Go to the line with "Linen & Cotton" in the entries below and write out every line from there through the line with "Piccolo bagno di", exactly and without pictures.

▸ **TASK INPUT**:
-=-=-

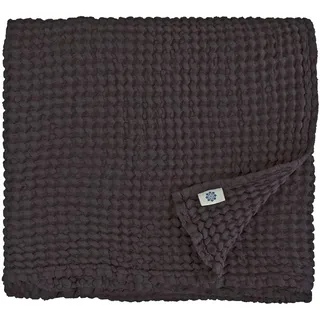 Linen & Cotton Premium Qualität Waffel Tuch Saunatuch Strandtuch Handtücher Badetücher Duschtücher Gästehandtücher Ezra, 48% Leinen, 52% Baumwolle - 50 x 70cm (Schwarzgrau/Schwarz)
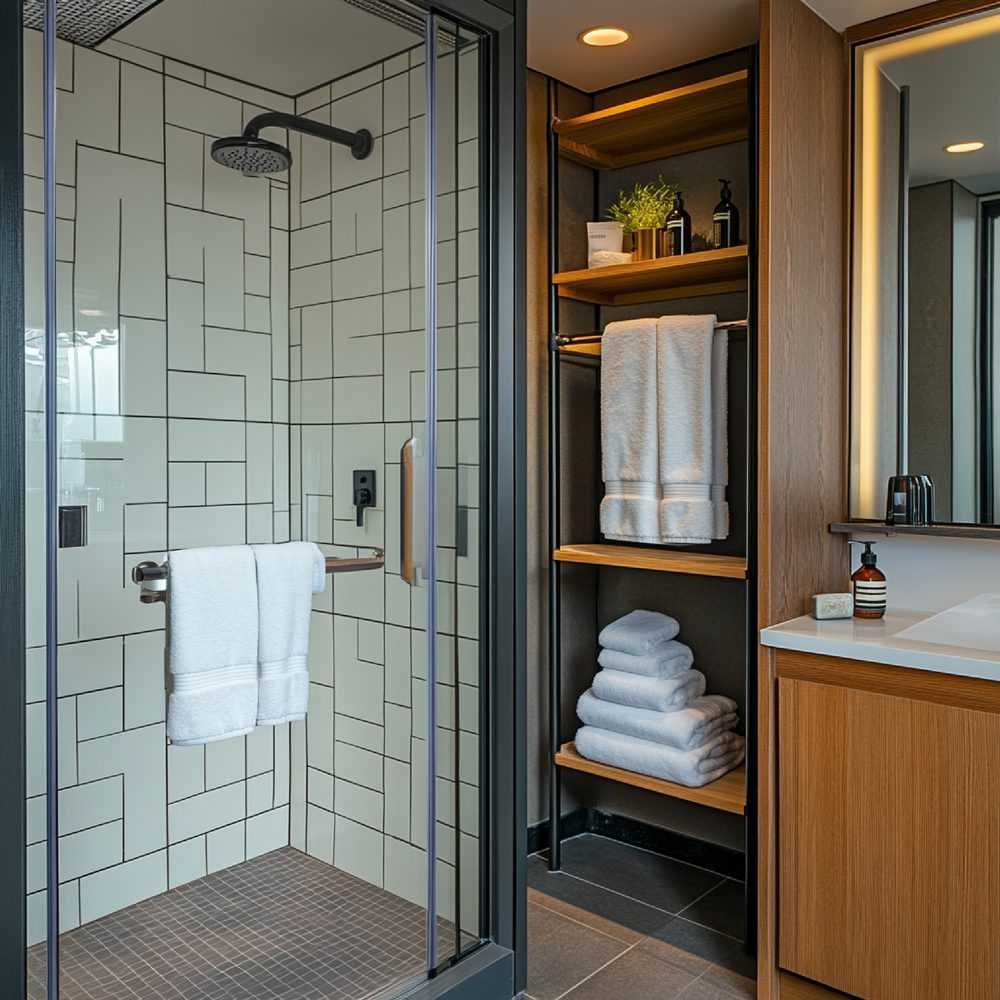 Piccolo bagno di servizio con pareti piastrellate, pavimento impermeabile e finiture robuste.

-=-=-

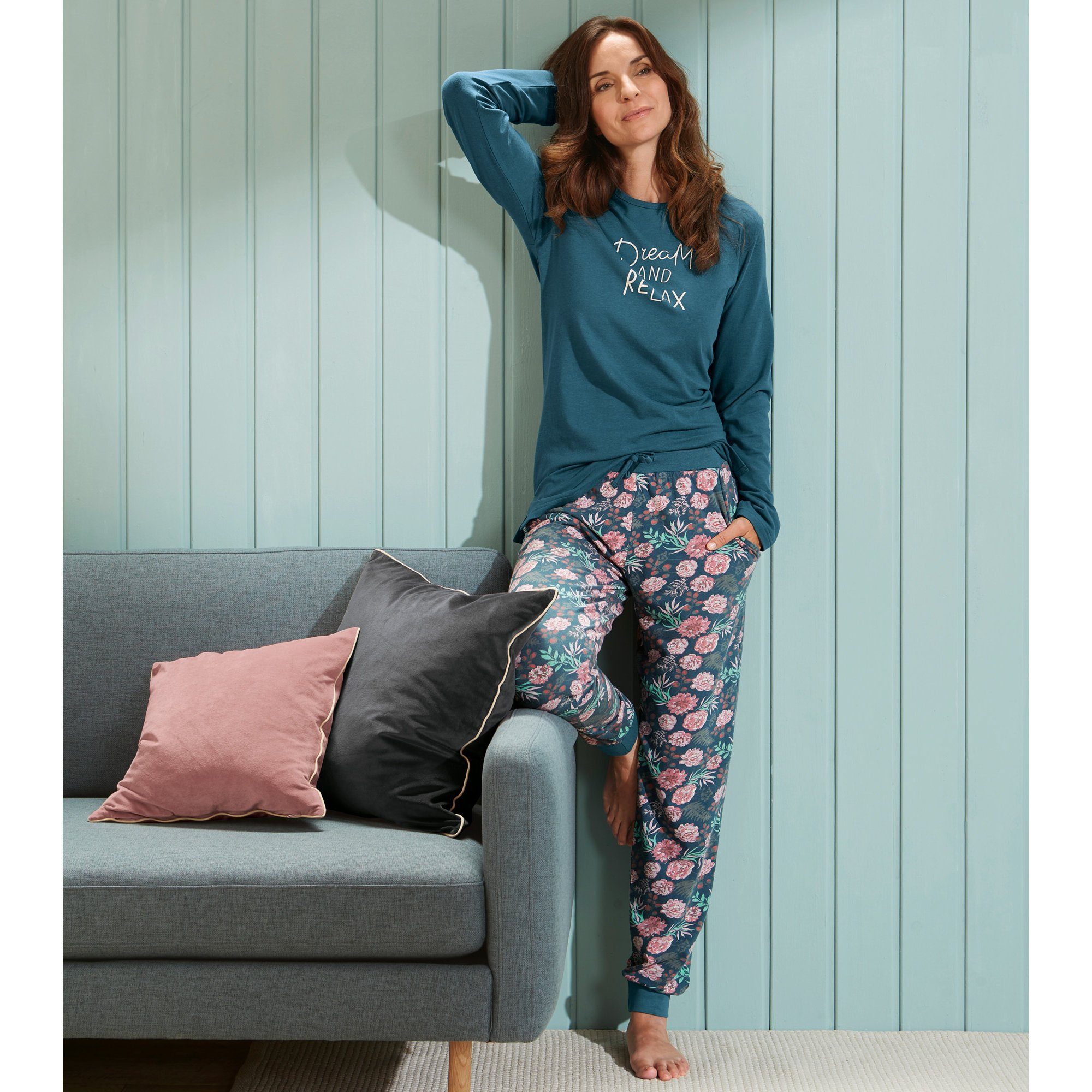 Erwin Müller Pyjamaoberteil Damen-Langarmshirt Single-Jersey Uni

-=-=-

▸ **PROBLEM SOLUTION**:
 Linen & Cotton Premium Qualität Waffel Tuch Saunatuch Strandtuch Handtücher Badetücher Duschtücher Gästehandtücher Ezra, 48% Leinen, 52% Baumwolle - 50 x 70cm (Schwarzgrau/Schwarz)
 Piccolo bagno di servizio con pareti piastrellate, pavimento impermeabile e finiture robuste.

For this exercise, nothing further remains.